[The task] In your copy, the records appear word for word and the pictures do not appear at all.

[Collected data entries]
***
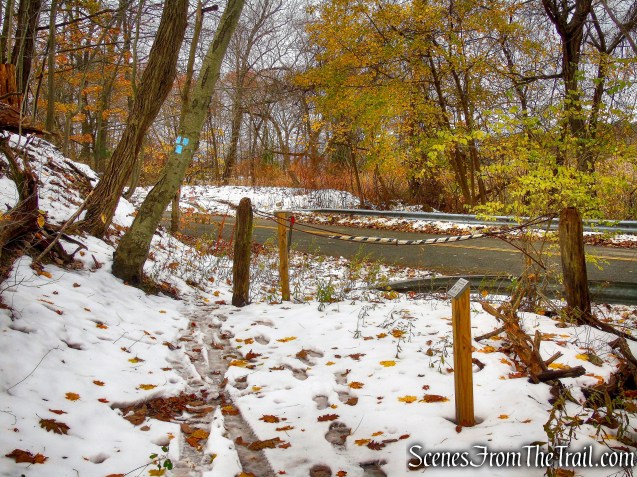 terminus of Blue Trail - McAndrews Estate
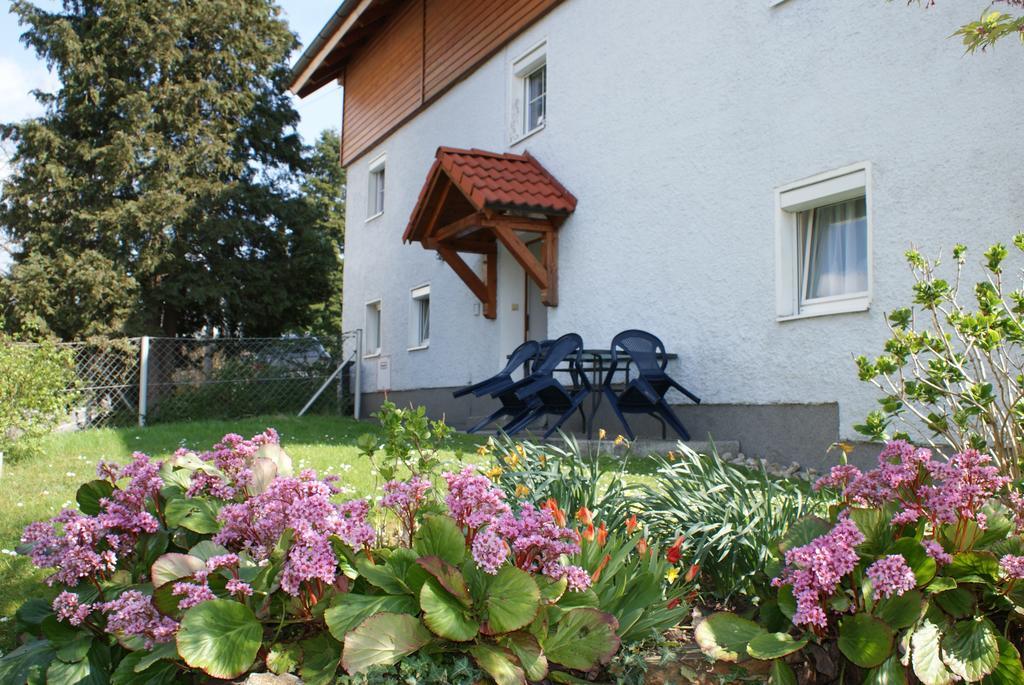 Mayerhofer House Apartamento Linz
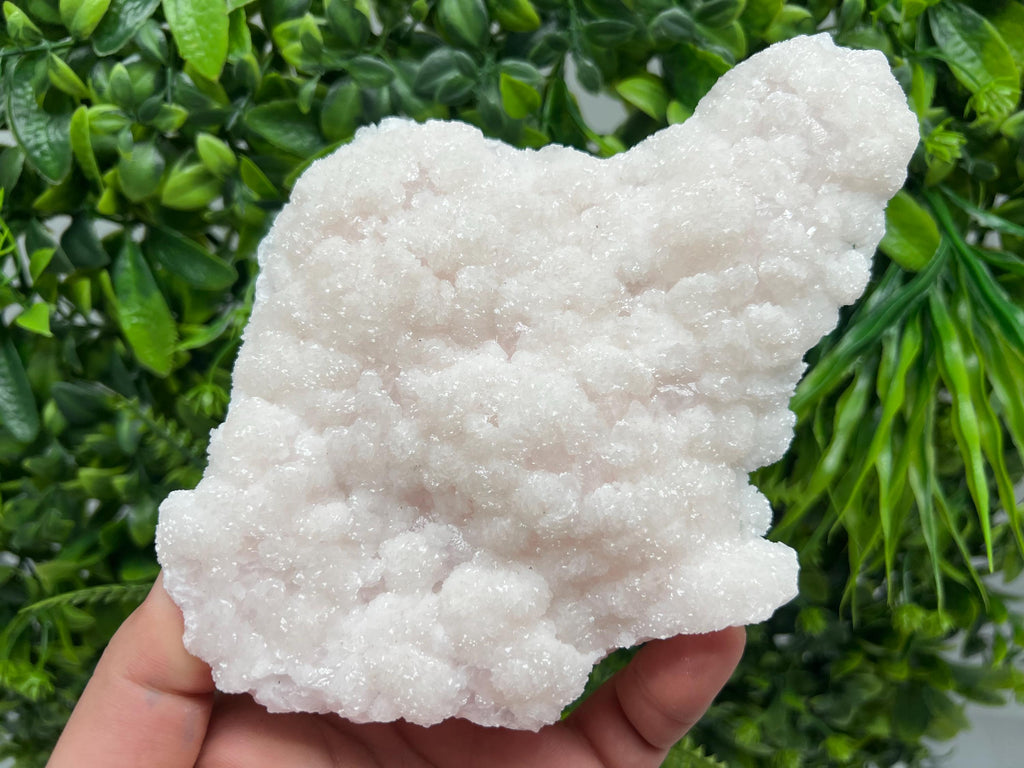 Stunning Mangano Calcite whit Galena,natural minerals souvenir crystal,collection stone,rare minerals,gift,Calcite ,Borieva mine,Bulgaria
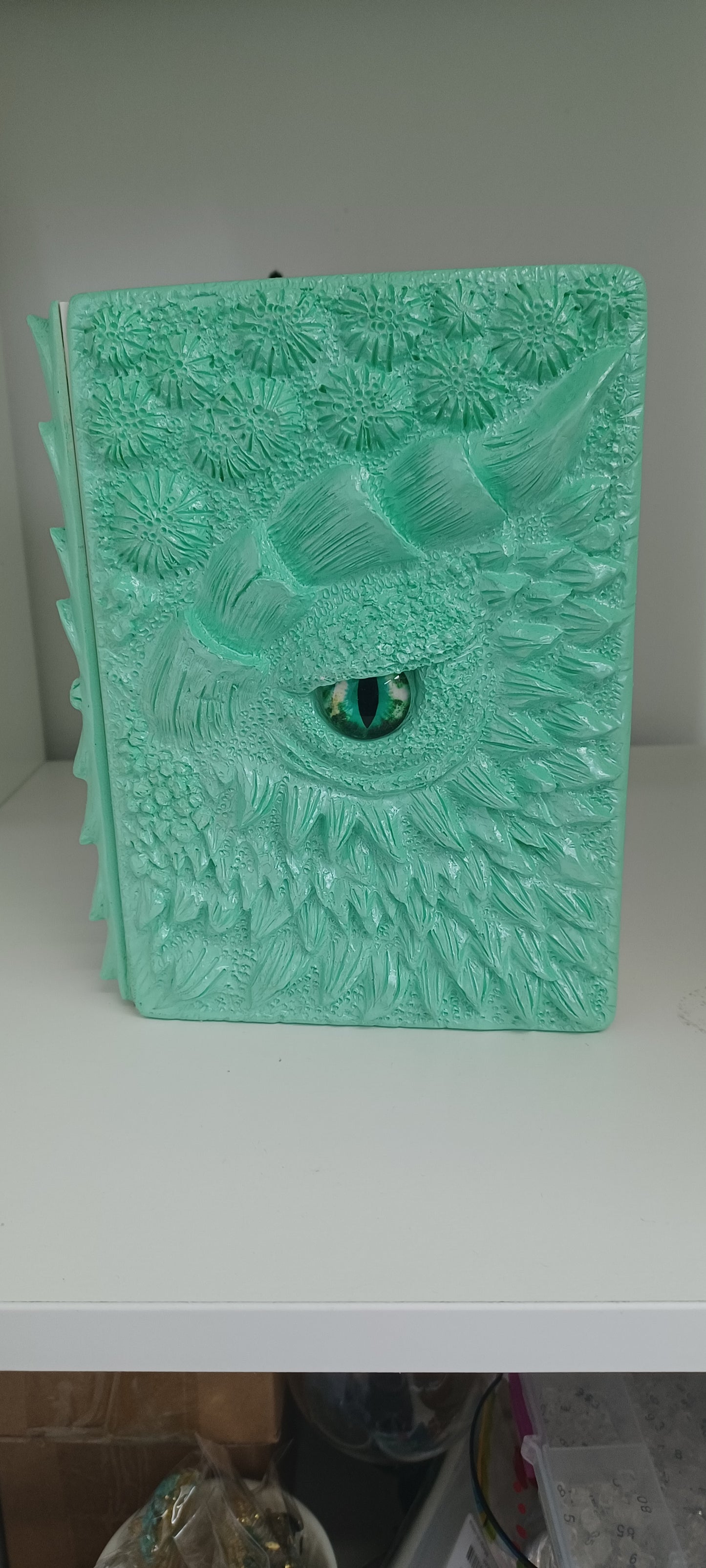 Dragon Eye Diary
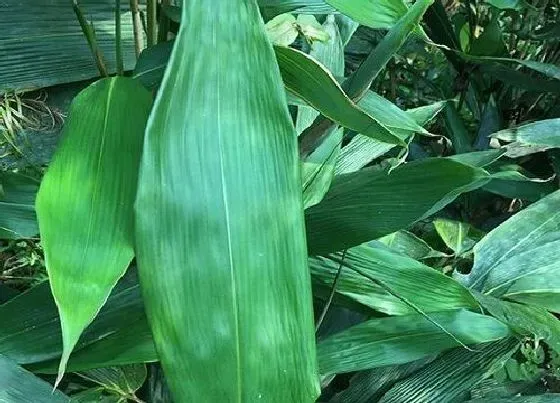 植物毒性|粽子叶子有毒吗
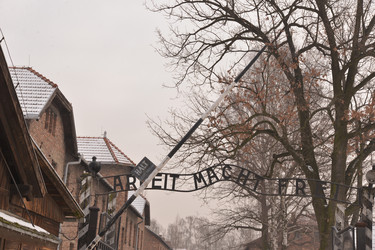 Similar image 21327058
***
[Exercise result]
 terminus of Blue Trail - McAndrews Estate
 Mayerhofer House Apartamento Linz
 Stunning Mangano Calcite whit Galena,natural minerals souvenir crystal,collection stone,rare minerals,gift,Calcite ,Borieva mine,Bulgaria
 Dragon Eye Diary
 植物毒性|粽子叶子有毒吗
 Similar image 21327058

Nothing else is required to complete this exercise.